Oct 18, 2024  
2023-2024 WWCC College Catalog 
    
2023-2024 WWCC College Catalog [ARCHIVED CATALOG]

CAP 025 - English Language Arts


Credits: 5
LEC hours per week: 5
This course is intended for students seeking an adult high school diploma through the High School 21 program, students studying for the GED exam, and students seeking educational enrichment. In this course, students will increase their confidence and ability in writing and reading for academic purposes, employment, and everyday life. Course content emphasizes the mechanics of writing as well as strategies to develop and organize complex ideas in writing. The reading component of this course focuses on interpreting and analyzing a variety of texts, including fiction, nonfiction, and informational. This course is designed to prepare students for a successful transition to college-level courses and to develop the behaviors and values relevant to success in higher education and the labor market. Students who successfully complete this course will earn a High School 21 credit in English. Students can earn an additional credit if they demonstrate the requisite competencies. All students under 19 years of age must have a signed release from the last school they attended. Students 16-17 years of age must first be admitted to the College following the Alternative Education Program (AEP) eligibility or Underage Admissions policy, which is available in the High School Programs office. Formerly: ABE 025.
Course Outcomes:
  • Organize and analyze information and reflect upon its meaning in order to draw sound conclusions.

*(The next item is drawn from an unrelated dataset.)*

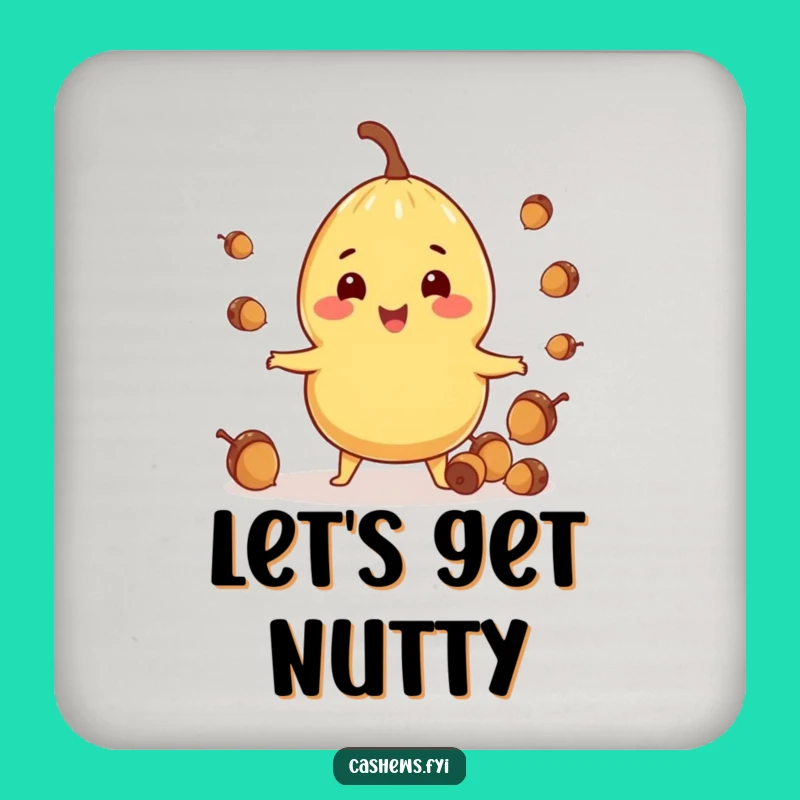 Funny Juggling Cashew Drink Coaster: Protect Surfaces with Hilarious Nutty Art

  • Assess how authors structure text and deploy vocabulary for specific writing purposes and audiences, and apply these strategies to one’s own writing.
  • Analyze the ways in which purpose and audience shape the construction of a text.
  • Deploy strategies to plan, organize, and structure complex ideas to produce a legible and comprehensible draft.
  • Moderate vocabulary (including idiom, colloquialisms, and cultural references, sentence structure, voice, tone, rhetorical forms, and style for a variety of audiences and purposes.
  • Evaluate writing and deploy strategies for revising.
  • Use computer technology and learning management systems to access new information, produce written work, and access and submit course materials.
  • Students will show proficiency at level C in Reading based on the Career and College Readiness standards anchors 1, 2, 5, 6, 7, 9, and 10 (use reading rubric to determine competency).
  • Students will show proficiency at level C in Writing based on the Career and College Readiness standards anchors 1, 2, 4, 5, 6, 7, 8, and 9 (use writing rubric to determine competency).
  • Students will show proficiency at level B in Math based on the Career and College Readiness standards anchors 1, 2, 3, 4, 5, and 6 (use math rubric to determine competency).
Course Topics:
  1. Interpreting and analyzing nonfiction, fiction, and informational text.
  2. Writing effective sentences.
  3. Developing and connecting ideas.
  4. Writing about text and revising.
  5. Using grammar correctly.
  6. Utilizing writing mechanics and writing conventions.